- Theatrical release poster
- Directed by: Maarison
- Produced by: K.Sathish, V.S.Rajkumar
- Starring: Punnagai Poo Gheetha Baby Monika Dhilip Subbarayan N. Raja Pradeep K. Vijayan
- Cinematography: Ravi Kannan
- Edited by: Vijay Velukutty
- Music by: Shabir
- Production companies: Cinemawala Pictures, Leo Visions, Diya Movies
- Release date: 29 December 2017;
- Country: India
- Language: Tamil

= Sangu Chakkaram =

2017 Indian film by Maarison

Sangu Chakkaram is a 2017 Indian Tamil-language fantasy comedy film directed by Maarison, starring stunt master Dhilip Subbarayan, Punnagai Poo Gheetha, N.Raja, Pradeep, Jeremy Roske, Nishesh, Monicka, Swaksha, Abinethra, Krithik, Adharrsh, Bala, Aditya, Tejo, and Ajeesh.

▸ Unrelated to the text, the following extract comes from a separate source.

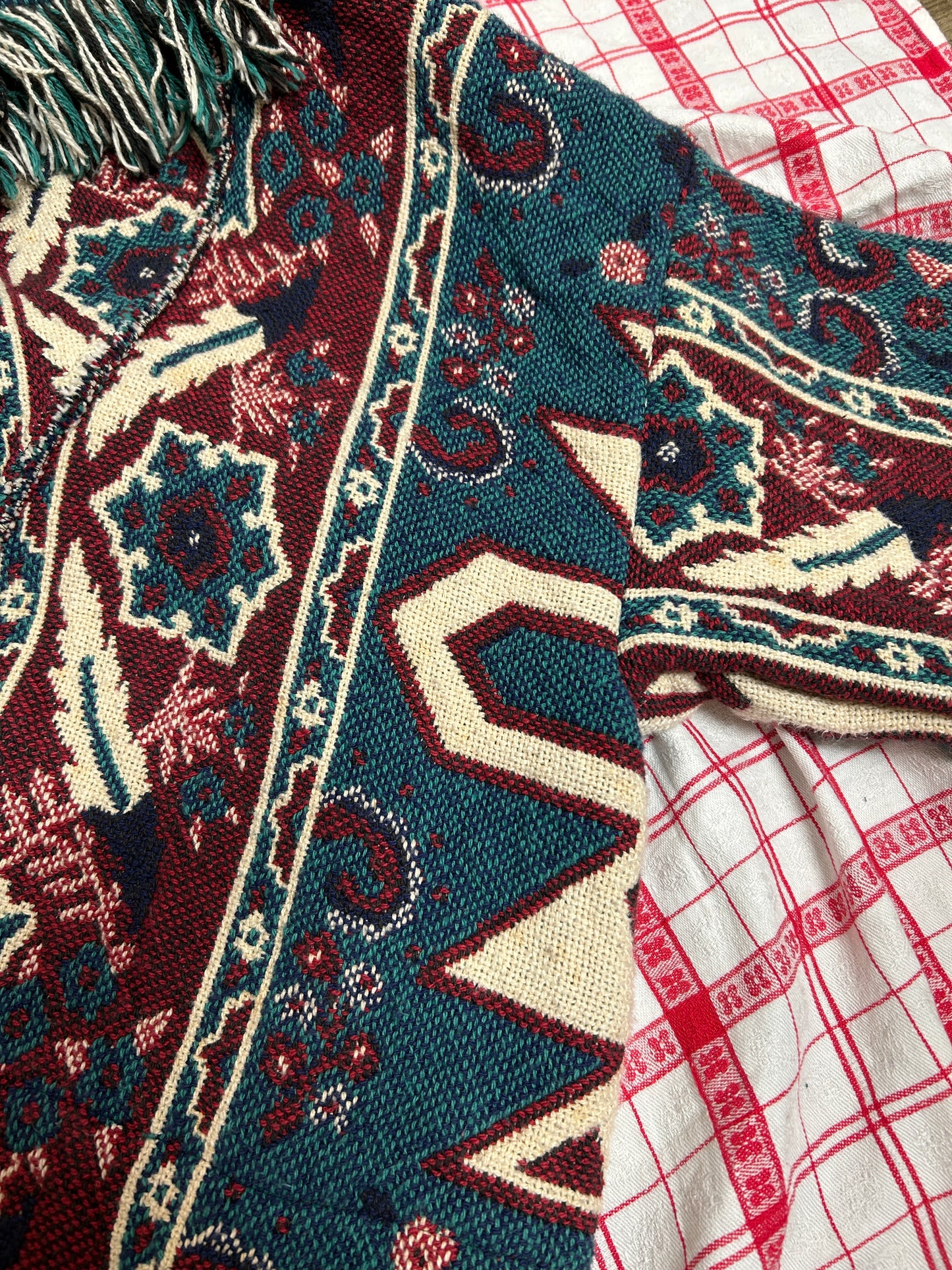 Vintage Rug Jacket [C31784]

The film was dubbed into Hindi as Mahal Ke Andar.

== Cast ==

- Swaksha as Jennifer
- Punnagai Poo Gheetha as Angayakanni
- Baby Monika as Malar
- Dhilip Subbarayan as Aagayam
- N. Raja as D'Souza
- Pradeep K Vijayan as Arivazhagan
- Vinothkumar as Land grabber
- Avan Ivan Ramaraj as Cotton candy seller
- Rocky as Lover
- Meghna as Lover
- Jeremy Roske as Capoeira
- Joel Sangiliyana as Asian exorcist
- Mangalanathan Gurukkal as Exorcist
- Ramki as Exorcist's assistant
- Nishesh as Tamil
- Abinithra as Deepa
- Krithik as Rajesh
- Adharrsh as Darwin
- Bala as Mujeeb
- Aditya as Karthi
- Tejo as Rahul
- Ajeesh
- Prashanth Rangaswamy as Police officer

== Production ==
Sangu Chakkaram is a fantasy-comedy film made with kids.

== Release ==
The film is planned to release in the first week of July 2017 however it got released in December 2017. The satellites rights of the film were sold to Sun TV

===Critical reception===
The Times of India wrote "Given that the horror-comedy wave is now at its ebb, Sanguchakkaram feels late by at least two-three years. It doesn't help that Maarison deals mostly with cliches to tell us his story." New Indian Express wrote "Sangu Chakkaram offers nothing radical in terms of story, but there are certain redemptive moments".